Short web captions:
++++
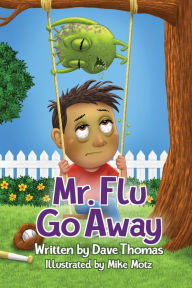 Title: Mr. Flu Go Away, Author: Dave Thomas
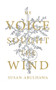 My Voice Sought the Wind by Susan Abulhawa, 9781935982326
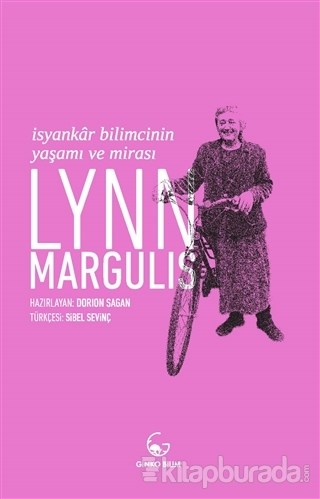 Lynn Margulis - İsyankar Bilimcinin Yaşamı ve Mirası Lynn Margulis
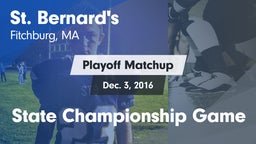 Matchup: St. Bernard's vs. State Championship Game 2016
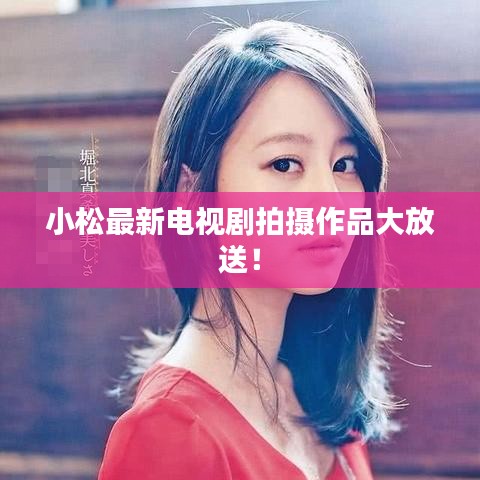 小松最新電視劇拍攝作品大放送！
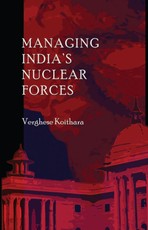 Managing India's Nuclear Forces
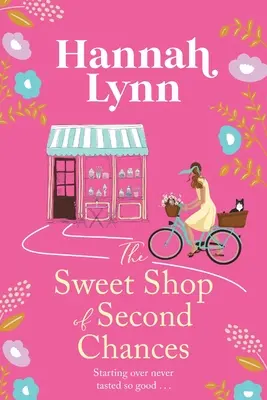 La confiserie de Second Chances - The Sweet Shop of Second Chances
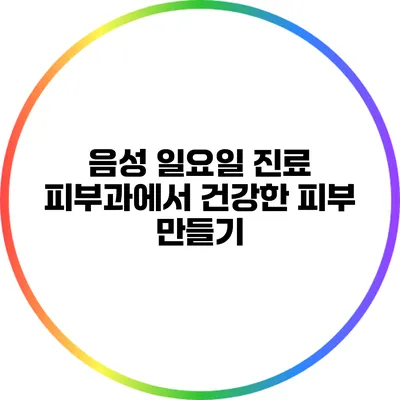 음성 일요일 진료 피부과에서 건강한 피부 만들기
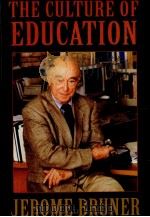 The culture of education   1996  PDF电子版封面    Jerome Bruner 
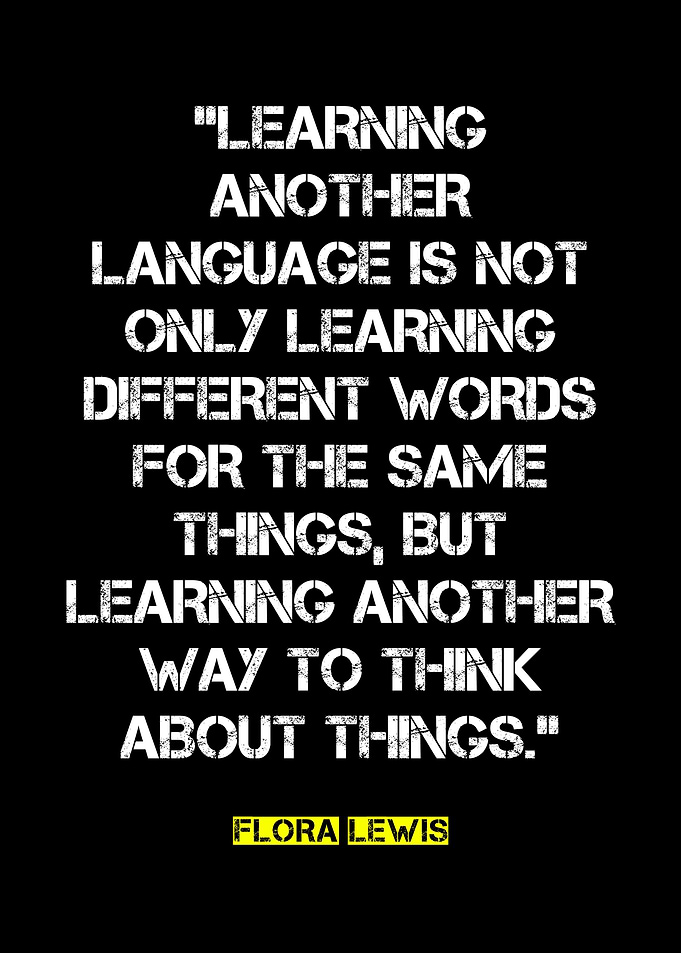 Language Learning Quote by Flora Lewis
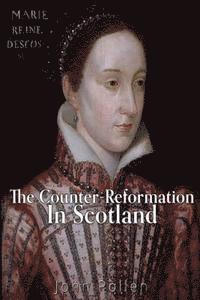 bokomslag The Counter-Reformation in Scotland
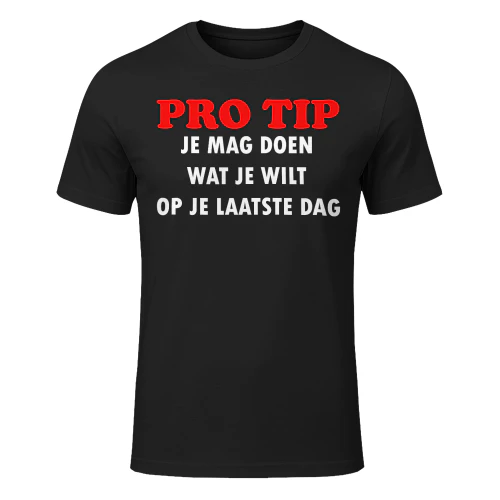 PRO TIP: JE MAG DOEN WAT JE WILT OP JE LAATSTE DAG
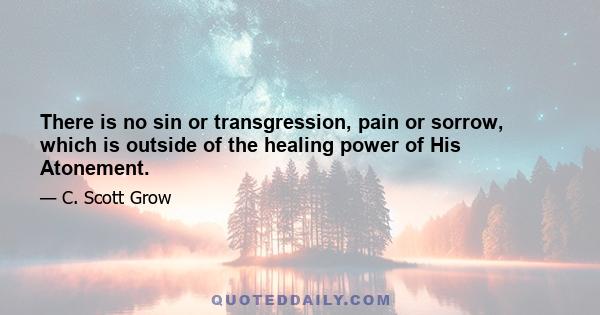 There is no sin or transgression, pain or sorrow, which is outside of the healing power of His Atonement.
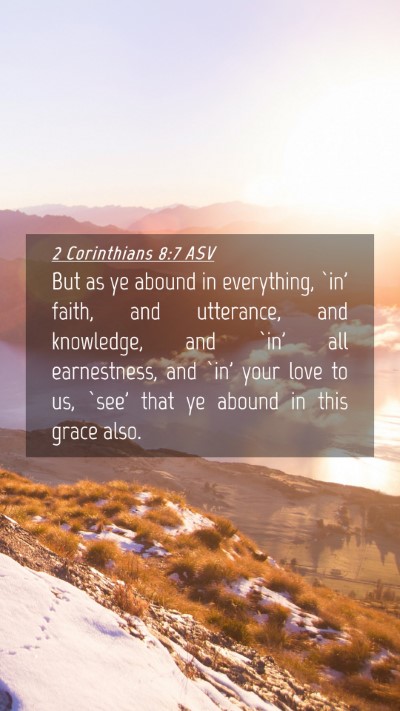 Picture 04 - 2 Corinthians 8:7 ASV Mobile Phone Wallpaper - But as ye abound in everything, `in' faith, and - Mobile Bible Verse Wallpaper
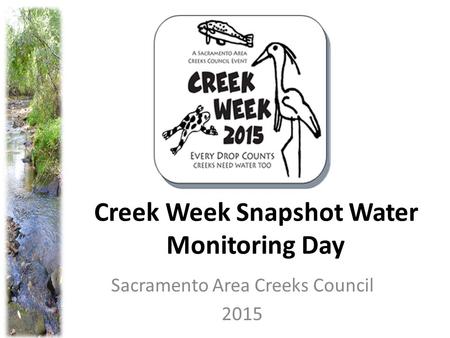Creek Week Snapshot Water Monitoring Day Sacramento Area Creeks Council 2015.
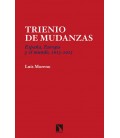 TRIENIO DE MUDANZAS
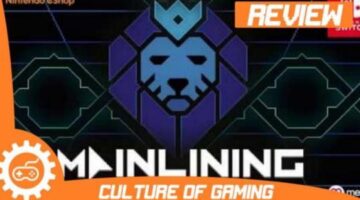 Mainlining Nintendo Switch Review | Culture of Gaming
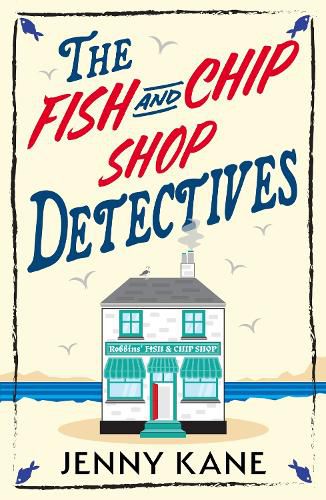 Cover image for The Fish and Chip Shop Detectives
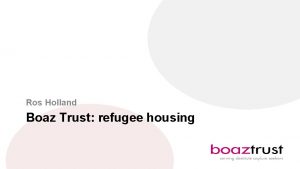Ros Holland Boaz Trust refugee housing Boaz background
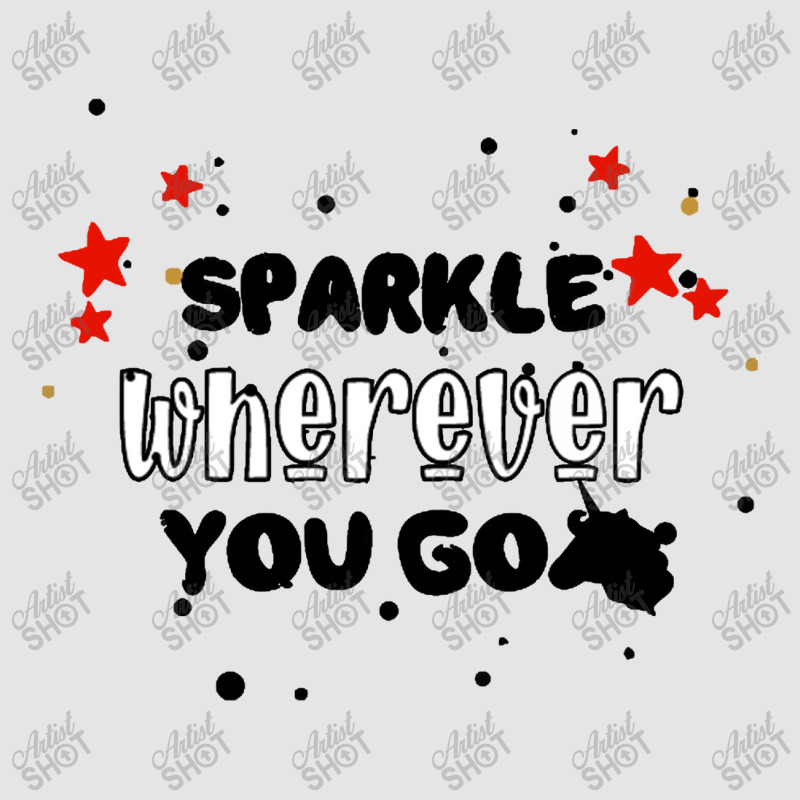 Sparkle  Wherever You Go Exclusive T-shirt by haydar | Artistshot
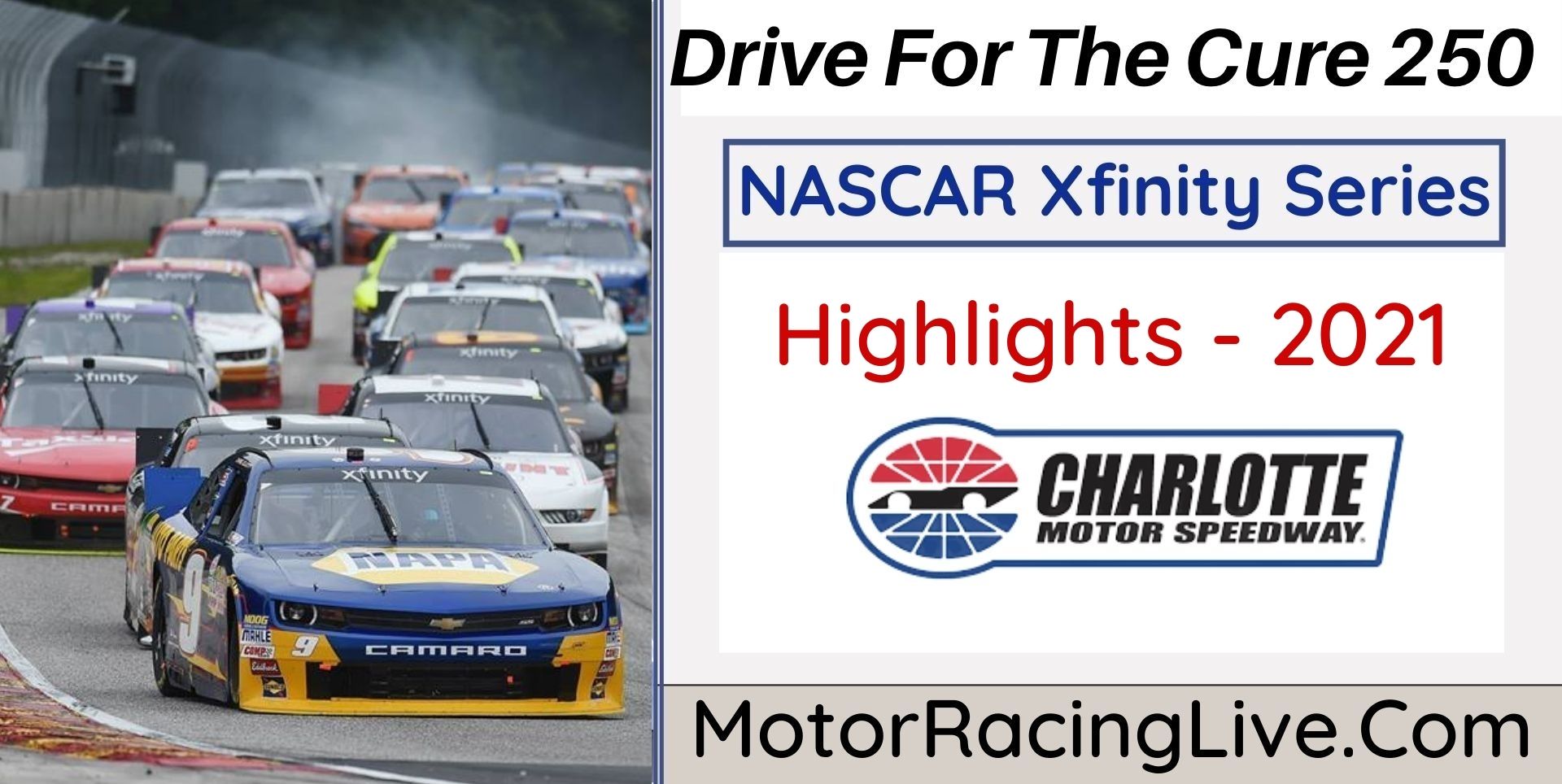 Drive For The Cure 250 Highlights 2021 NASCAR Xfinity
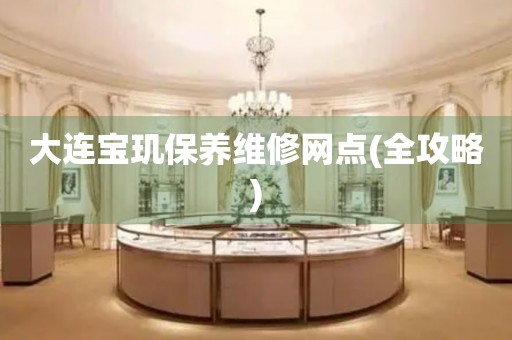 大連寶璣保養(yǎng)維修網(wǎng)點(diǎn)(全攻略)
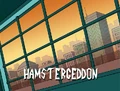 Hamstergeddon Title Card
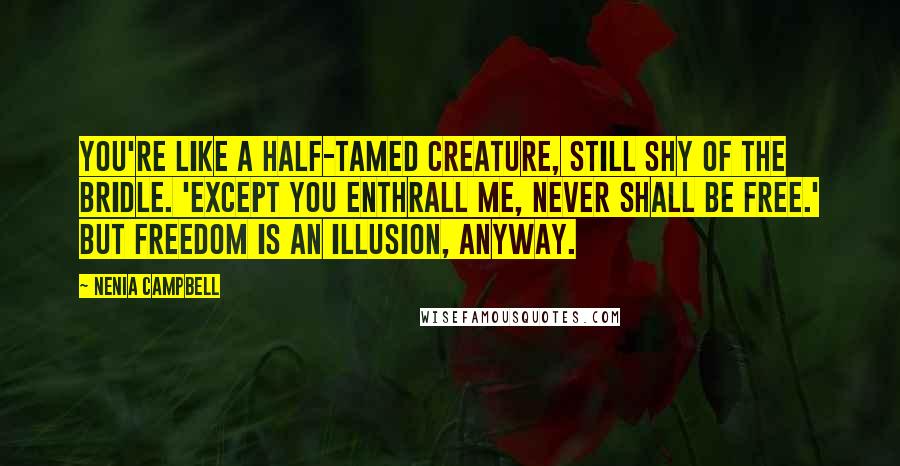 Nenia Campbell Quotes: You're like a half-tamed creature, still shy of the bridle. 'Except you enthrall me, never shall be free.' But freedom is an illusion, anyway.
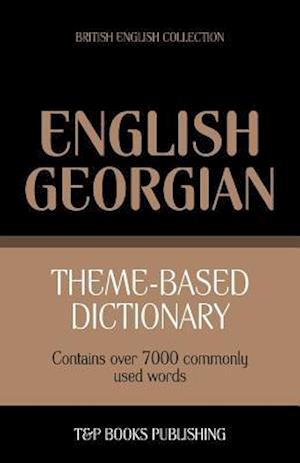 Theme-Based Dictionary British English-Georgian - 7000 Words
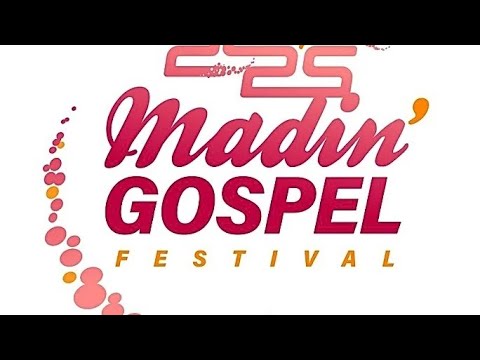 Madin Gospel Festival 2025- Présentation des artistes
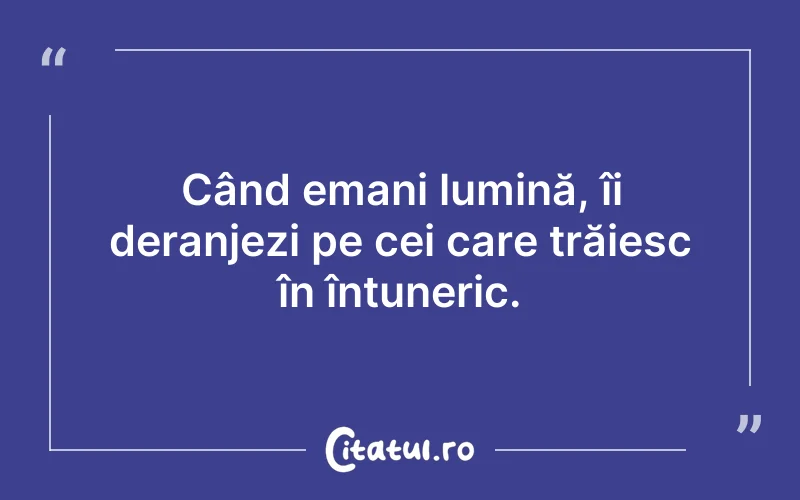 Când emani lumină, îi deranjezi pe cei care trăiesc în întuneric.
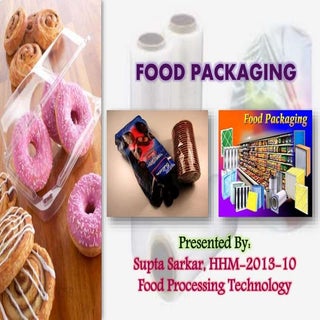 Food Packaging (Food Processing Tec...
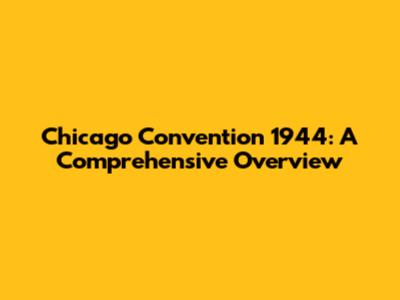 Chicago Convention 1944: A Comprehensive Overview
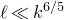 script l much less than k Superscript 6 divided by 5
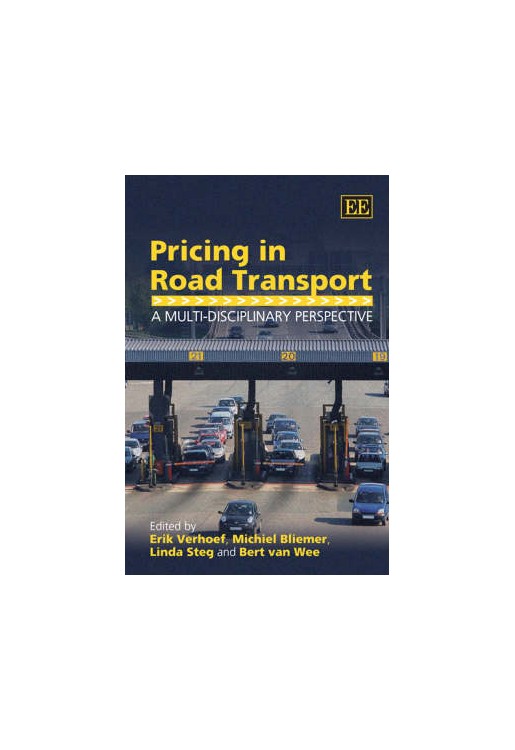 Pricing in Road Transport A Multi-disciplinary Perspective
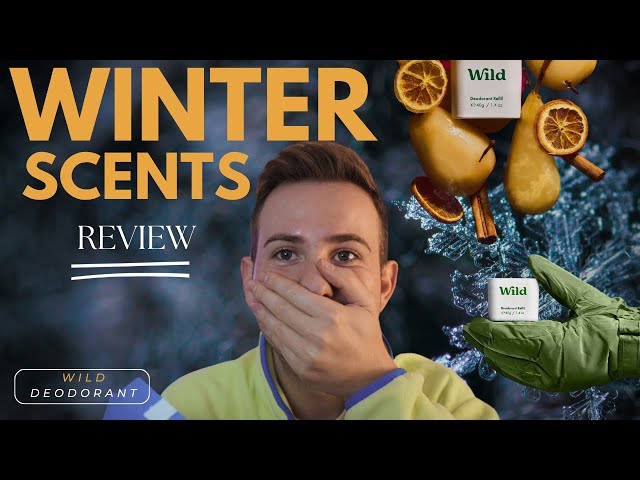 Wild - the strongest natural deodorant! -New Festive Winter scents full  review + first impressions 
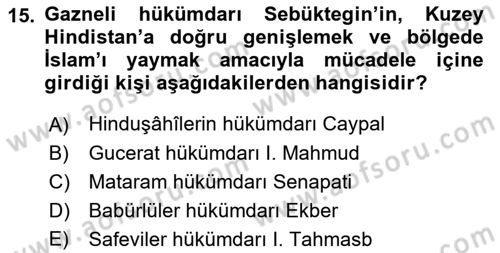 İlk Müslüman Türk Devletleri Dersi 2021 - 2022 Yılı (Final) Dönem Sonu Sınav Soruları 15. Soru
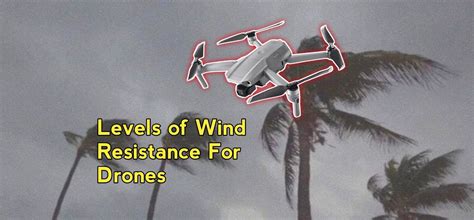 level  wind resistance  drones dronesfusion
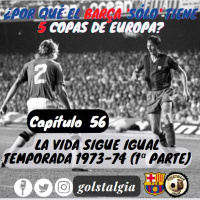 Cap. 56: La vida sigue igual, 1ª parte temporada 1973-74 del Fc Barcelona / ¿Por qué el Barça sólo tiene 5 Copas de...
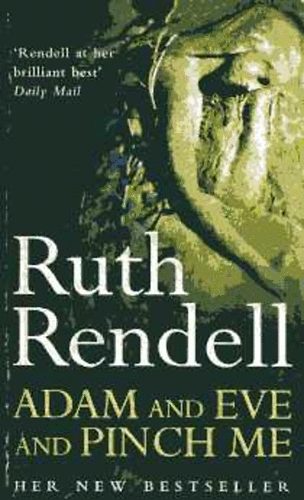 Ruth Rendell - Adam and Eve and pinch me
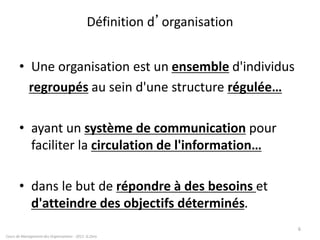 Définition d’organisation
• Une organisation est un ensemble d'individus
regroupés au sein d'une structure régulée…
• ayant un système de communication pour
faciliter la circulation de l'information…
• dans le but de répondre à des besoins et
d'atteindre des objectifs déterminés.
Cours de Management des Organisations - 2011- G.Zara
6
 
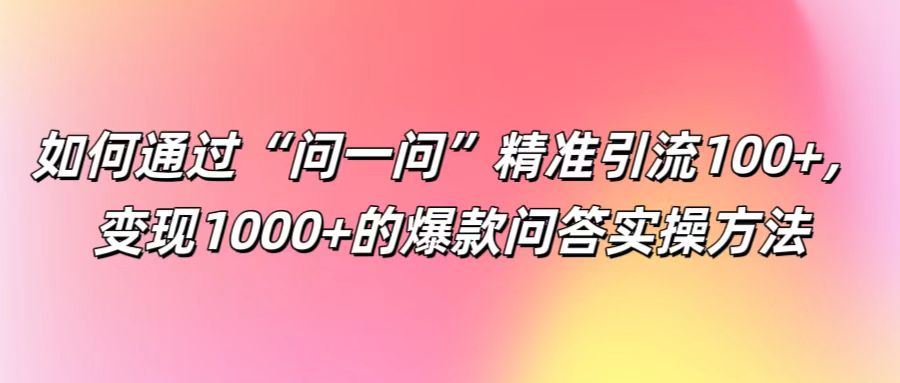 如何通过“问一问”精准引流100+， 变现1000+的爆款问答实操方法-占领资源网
++++
■ **Problem statement**: Copy out the lines above from the line containing "Picture 04 - 2" through the line containing "un ensemble d'individus", exactly, and keep the pictures out.

■ **Written response**:
 Picture 04 - 2 Corinthians 8:7 ASV Mobile Phone Wallpaper - But as ye abound in everything, `in' faith, and - Mobile Bible Verse Wallpaper
Creek Week Snapshot Water Monitoring Day Sacramento Area Creeks Council 2015.
 TRIENIO DE MUDANZAS
 Mainlining Nintendo Switch Review | Culture of Gaming
 Cover image for The Fish and Chip Shop Detectives
Ros Holland Boaz Trust refugee housing Boaz background
 Sparkle  Wherever You Go Exclusive T-shirt by haydar | Artistshot
 Drive For The Cure 250 Highlights 2021 NASCAR Xfinity
 大連寶璣保養(yǎng)維修網(wǎng)點(diǎn)(全攻略)
 Hamstergeddon Title Card
 Nenia Campbell Quotes: You're like a half-tamed creature, still shy of the bridle. 'Except you enthrall me, never shall be free.' But freedom is an illusion, anyway.
 Theme-Based Dictionary British English-Georgian - 7000 Words
 Madin Gospel Festival 2025- Présentation des artistes
 Când emani lumină, îi deranjezi pe cei care trăiesc în întuneric.
 Food Packaging (Food Processing Tec...
 Chicago Convention 1944: A Comprehensive Overview
 script l much less than k Superscript 6 divided by 5
 Pricing in Road Transport A Multi-disciplinary Perspective
 Wild - the strongest natural deodorant! -New Festive Winter scents full  review + first impressions 
 İlk Müslüman Türk Devletleri Dersi 2021 - 2022 Yılı (Final) Dönem Sonu Sınav Soruları 15. Soru
 level  wind resistance  drones dronesfusion
 Cap. 56: La vida sigue igual, 1ª parte temporada 1973-74 del Fc Barcelona / ¿Por qué el Barça sólo tiene 5 Copas de...
 Ruth Rendell - Adam and Eve and pinch me
 Définition d’organisation
• Une organisation est un ensemble d'individus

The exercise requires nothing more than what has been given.